DATASET EXCERPT:

-----

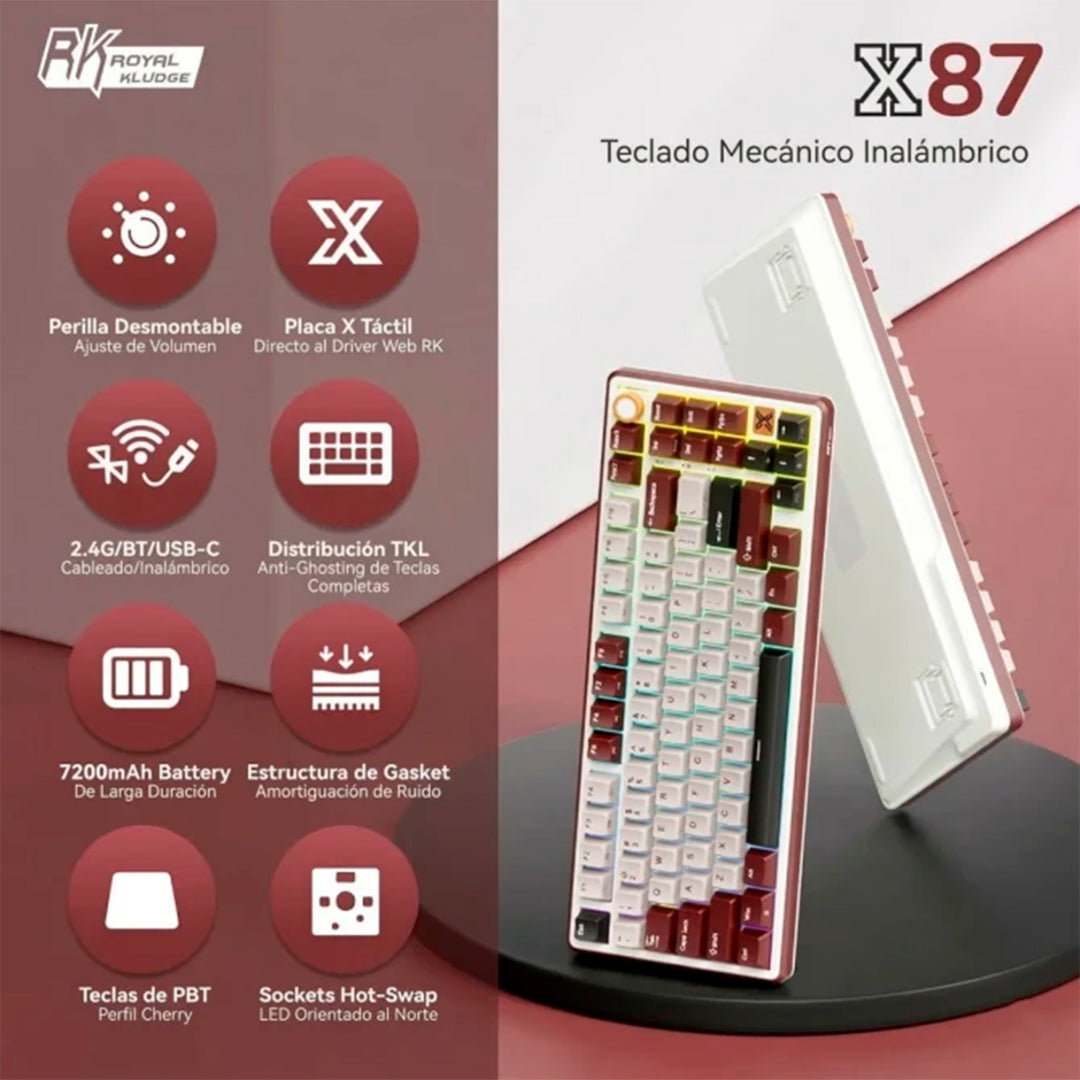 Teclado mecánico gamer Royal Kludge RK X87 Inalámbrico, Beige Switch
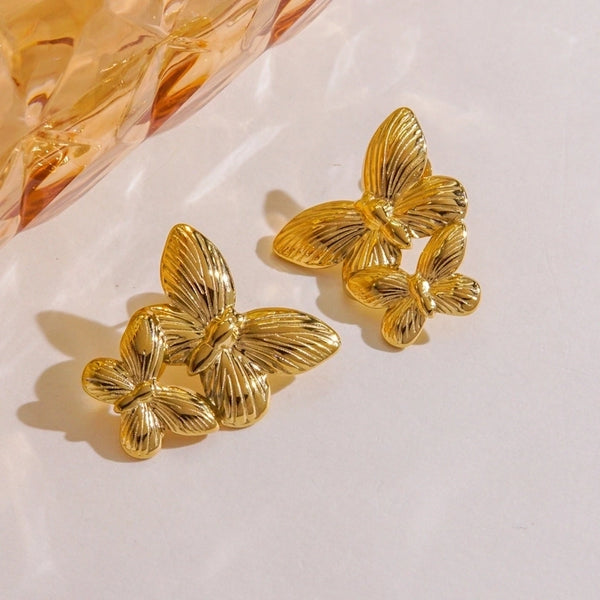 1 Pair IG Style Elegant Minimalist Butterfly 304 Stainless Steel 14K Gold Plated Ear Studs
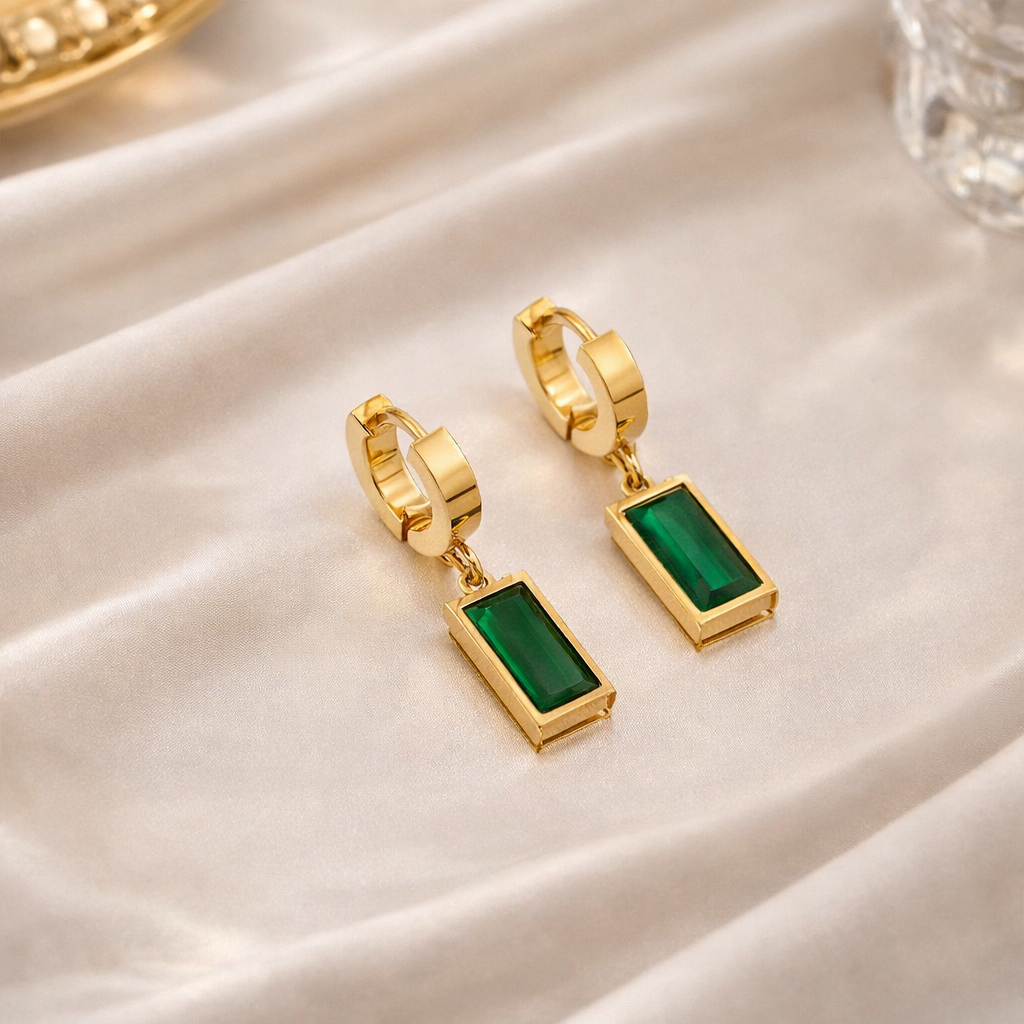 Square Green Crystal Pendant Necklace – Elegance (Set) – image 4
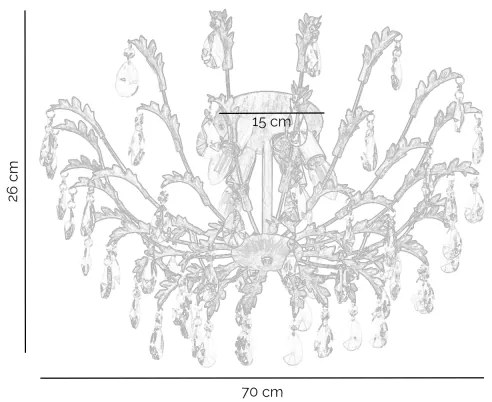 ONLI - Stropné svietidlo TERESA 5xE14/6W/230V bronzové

-----

EXERCISE: Give every line above again exactly, with no pictures.

SOLUTION TO THE PROBLEM:
 Teclado mecánico gamer Royal Kludge RK X87 Inalámbrico, Beige Switch
 1 Pair IG Style Elegant Minimalist Butterfly 304 Stainless Steel 14K Gold Plated Ear Studs
 Square Green Crystal Pendant Necklace – Elegance (Set) – image 4
 ONLI - Stropné svietidlo TERESA 5xE14/6W/230V bronzové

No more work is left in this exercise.